Who does heartburn affect?
Most people experience heartburn at some time, often after a large meal. However, some people have it on a regular basis:
- about 1 adult in 3 has some heartburn every few days
- nearly 1 adult in 10 has heartburn at least once a day.
Regular heartburn is more common in:
- pregnant women
- heavy drinkers
- those who are overweight
- those aged between 35 and 64 years.
What is the relationship between indigestion and heartburn?
Indigestion and heartburn both describe symptoms. They are not diseases in themselves.
Indigestion (dyspepsia) is a group of symptoms that describe stomach pain or discomfort experienced after eating. Heartburn is one of these symptoms. Causes of indigestion include:
- functional dyspepsia (indigestion with no-known-cause; more than 50%)

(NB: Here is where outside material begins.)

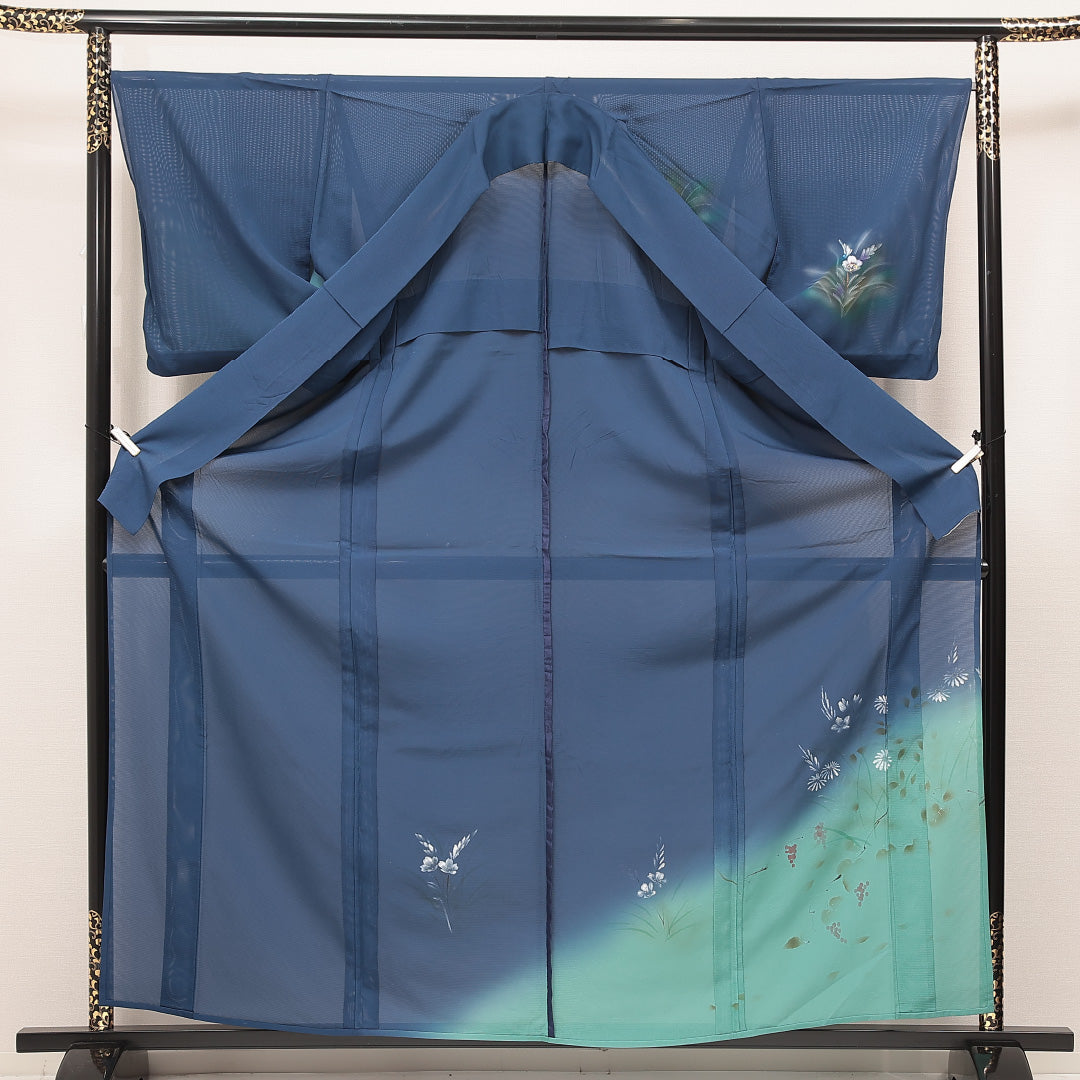 付下げ 1218-17132 正面展開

- peptic ulcer (up to 25%)
- cancer (less than 2%)
Typical symptoms of heartburn include:
- burning in your oesophagus
- sometimes acid taste in your mouth
- upper abdominal pain or discomfort.
When to seek medical advice
Occasional heartburn as a result of over-indulgence is usually nothing to worry about. However, if you suffer from frequent and persistent heartburn, visit your doctor. This could be a symptom of reflux disease. Without treatment, ongoing heartburn can lead to complications, including:
- Reflux oesophagitis. In people who have heartburn frequently or for an extended period of time, the oesophagus can become inflamed (oesophagitis) because it is ‘burnt’ by the acid leaking up (refluxing) from the stomach. More...

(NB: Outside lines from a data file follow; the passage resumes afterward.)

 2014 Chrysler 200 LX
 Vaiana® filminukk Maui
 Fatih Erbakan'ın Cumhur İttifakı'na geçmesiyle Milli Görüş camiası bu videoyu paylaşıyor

- Respiratory problems. People with heartburn may occasionally develop respiratory problems (where breathing is made harder) like asthma, pneumonia, choking at night and a sore throat in the morning.
It is important to talk to your doctor if you have ongoing heartburn. They will be able to prescribe medications to help heal any acid damage and prevent further damage occurring.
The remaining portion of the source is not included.